Je suis prêt à accueillir l’ironie avec laquelle on traitera mes propositions. Il convient évidemment de remplacer Élisabeth Borne : nous avons eu, durant six mois, un ministre de l’Éducation nationale qui avait fait bouger les lignes, pas seulement avec la suppression de l’abaya. Pourquoi ne pas laisser Gabriel Attal compléter et achever ce travail ?

À la Défense, un Républicain de haut niveau, Jean-Louis Thiériot, serait irréprochable. À la Santé, ce n’est pas parce que Philippe Juvin serait évidemment le meilleur à ce poste qu’il faudrait s’en priver !

Il serait pertinent de remettre au côté de Bruno Retailleau « un ministre du quotidien » : c’était une initiative intelligente.

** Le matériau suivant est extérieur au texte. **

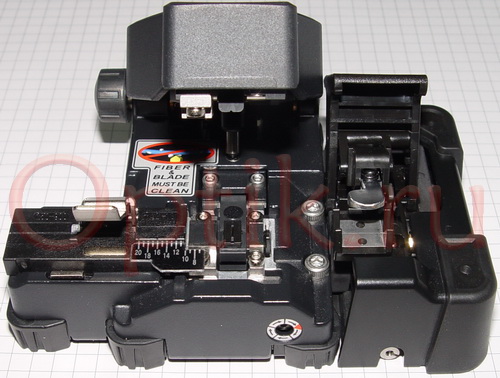 Скалыватель угловой Fujikura CT-11A Скалыватель угловой Fujikura CT-11A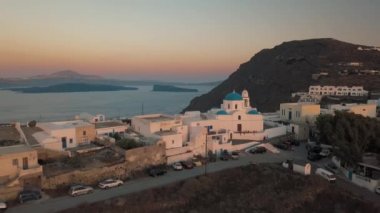Santorini Yunanistan 'daki küçük bir kasabanın üzerinde uçan hava manzarası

Il y a le global, le structurel, la politique d’ensemble mais aussi l’immédiateté et les mille soucis, traumatismes et offenses engendrés par une insécurité qui empoisonne des existences n’aspirant qu’à la tranquillité, désireuses de la protection de leurs personnes et de leurs biens.

Le gouvernement de Sébastien Lecornu est attendu avec impatience : s’il y a un lieu où la radicalité est possible, c’est bien celui-là.

Être ministre ne peut pas être la seule activité vous laissant à l’abri de tout, bon ou mauvais.

Et, coup de chance, on a enfin trouvé ce qui a longtemps manqué : une porte-parole exemplaire pour le fond comme pour la forme, Sophie Primas.

Quel bonheur d’être Premier ministre, pour consacrer les meilleurs et exclure les pires !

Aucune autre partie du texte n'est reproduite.